PROBLEM TO WORK ON – Skip the pictures and write out, word for word, the lines below from the one with "2004 Lexus LX 470" through the one with "濟南:&ldquo;霸王級&rdquo;濃霧來襲 百米之外看不清", inclusive.

RECORDS SHOWN –
******

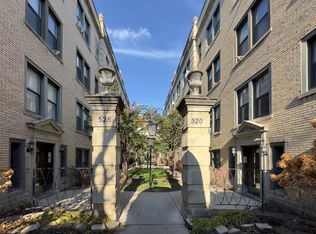 522 W Surf St #N3, Chicago, IL 60657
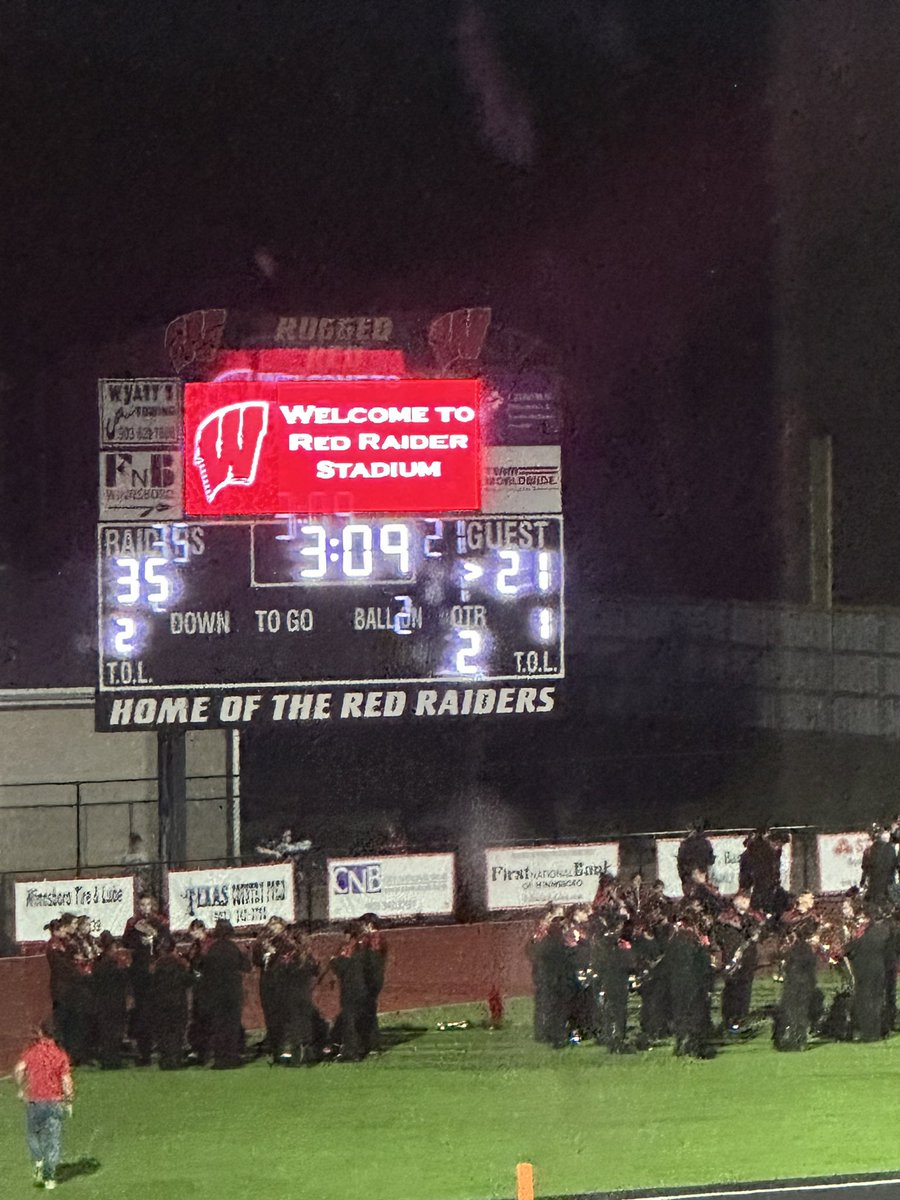 coachrpayne's tweet image. Got time for one more !!!
#ruggedred #hoco #rollingred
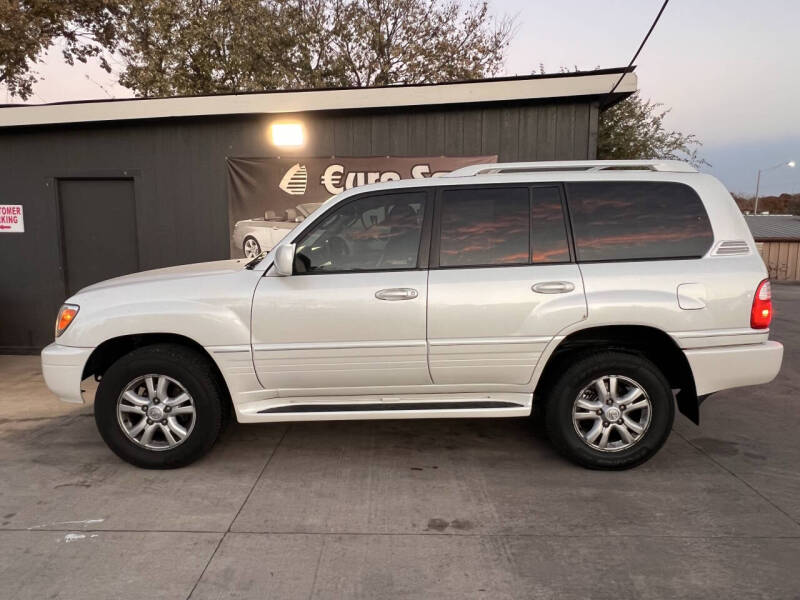 2004 Lexus LX 470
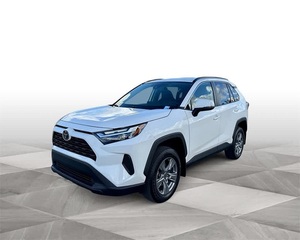 Toyota RAV4 XLE FWD Sport Utility 2024 Usado en Buen Estado - con Bajo Kilometraje - Product Image 1
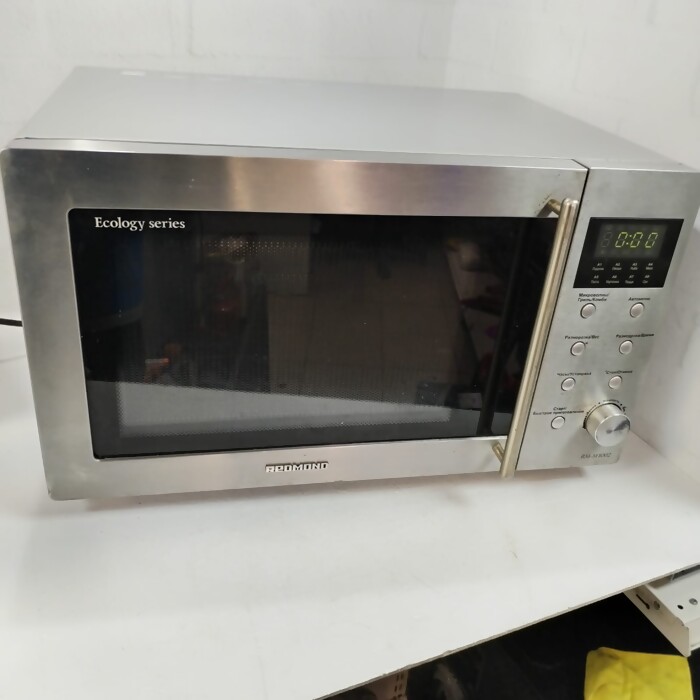 Микроволновая печь Redmond rm-m1002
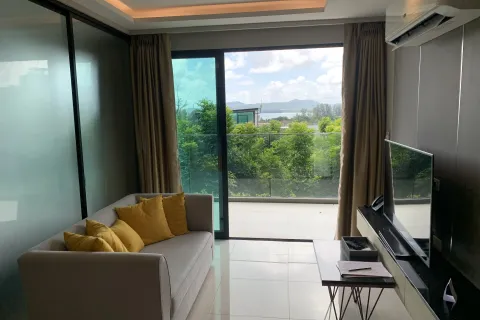 Condo in Phuket, Thailand, 2 bedrooms  № 138200 - photo 12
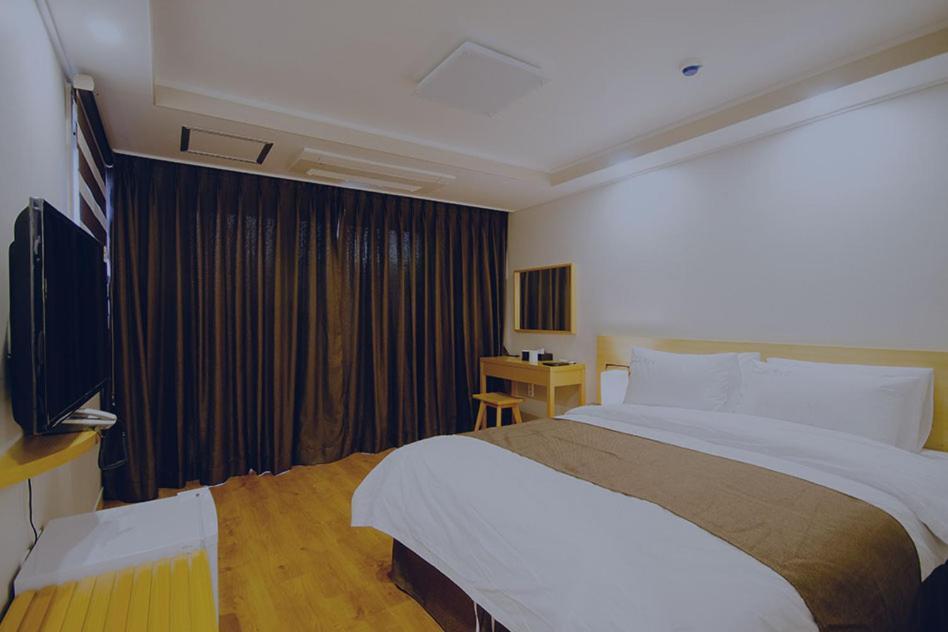 Jeju Lavender Hotel Согвіпо Екстер'єр фото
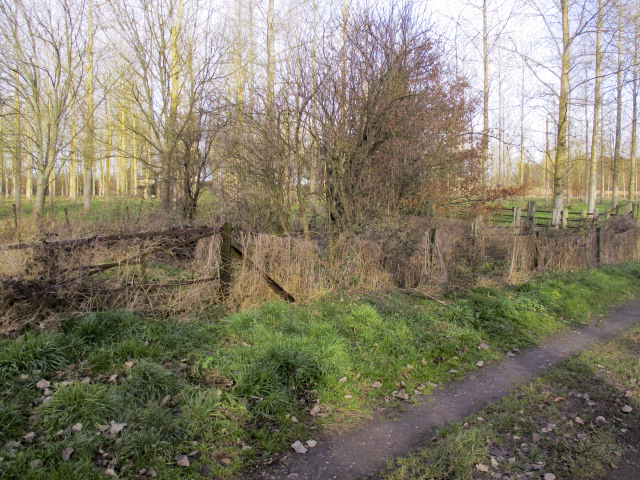 Ligne Maginot - B500 - CHAMP d'en-BAS (Blockhaus de type indéterminé) - D'après la géolocalisation, ce blockhaus devrait se trouver dans une propriété privée clôturée.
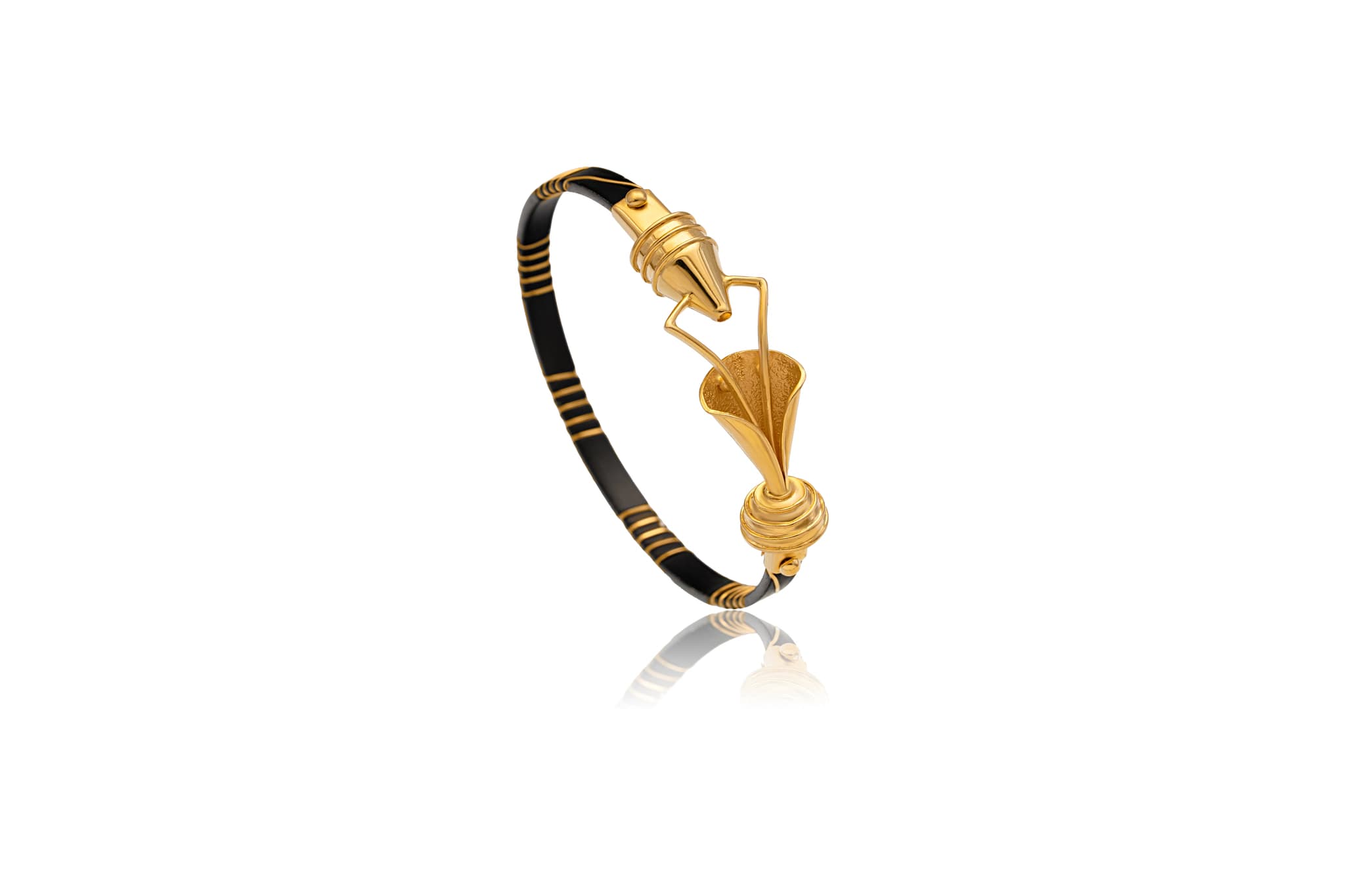 RADIANT GOLD NOA BANGLE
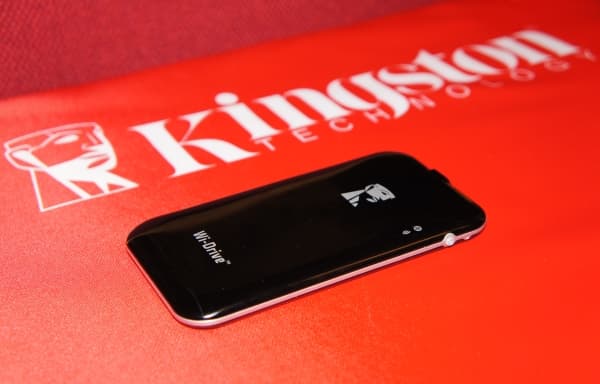 Kingston Wi-Drive передняя панель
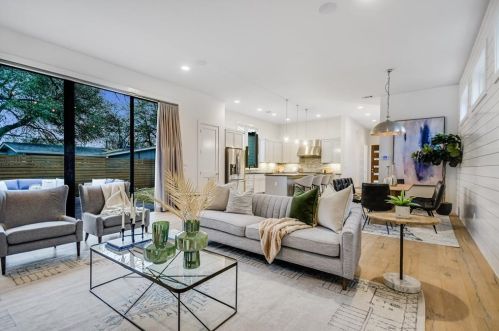 4105 Burnet Rd, Austin TX exterior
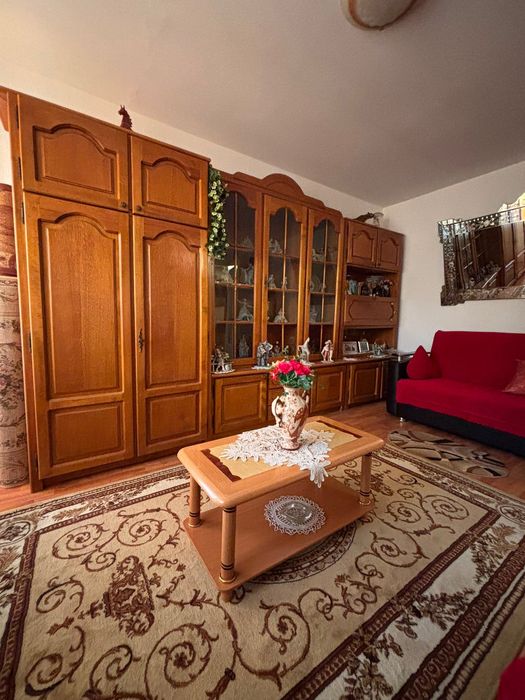 De vânzare apartament 2 camere decomandat, etaj 2, centrală proprie pe gaz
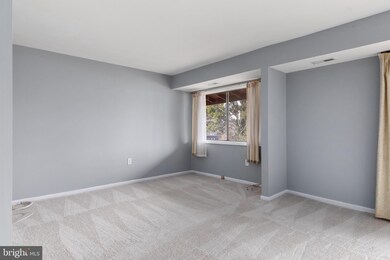 208 Park Terrace Ct SE unit 54, Vienna, VA 22180 - photo 5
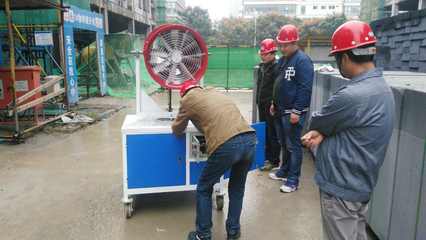 濟南:&ldquo;霸王級&rdquo;濃霧來襲 百米之外看不清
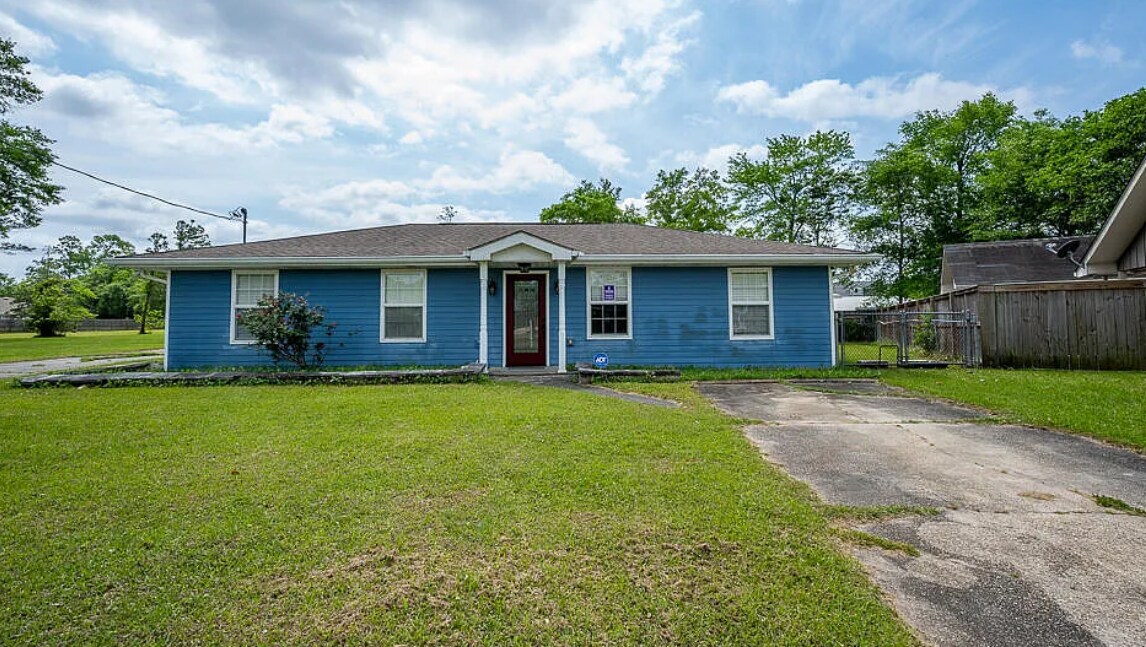 Primary Photo - 214 Corinth Dr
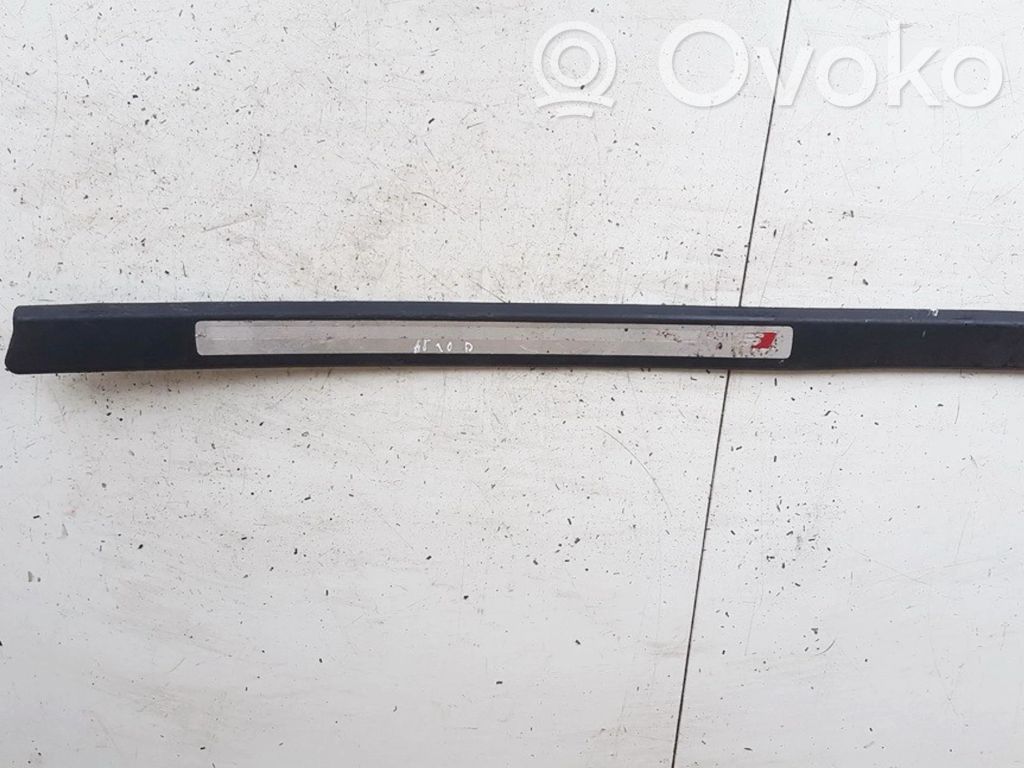 Audi A3 S3 8P Listwa progowa przednia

******

COMPLETED TASK –
 2004 Lexus LX 470
 Toyota RAV4 XLE FWD Sport Utility 2024 Usado en Buen Estado - con Bajo Kilometraje - Product Image 1
 Микроволновая печь Redmond rm-m1002
 Condo in Phuket, Thailand, 2 bedrooms  № 138200 - photo 12
 Jeju Lavender Hotel Согвіпо Екстер'єр фото
 Ligne Maginot - B500 - CHAMP d'en-BAS (Blockhaus de type indéterminé) - D'après la géolocalisation, ce blockhaus devrait se trouver dans une propriété privée clôturée.
 RADIANT GOLD NOA BANGLE
 Kingston Wi-Drive передняя панель
 4105 Burnet Rd, Austin TX exterior
 De vânzare apartament 2 camere decomandat, etaj 2, centrală proprie pe gaz
 208 Park Terrace Ct SE unit 54, Vienna, VA 22180 - photo 5
 濟南:&ldquo;霸王級&rdquo;濃霧來襲 百米之外看不清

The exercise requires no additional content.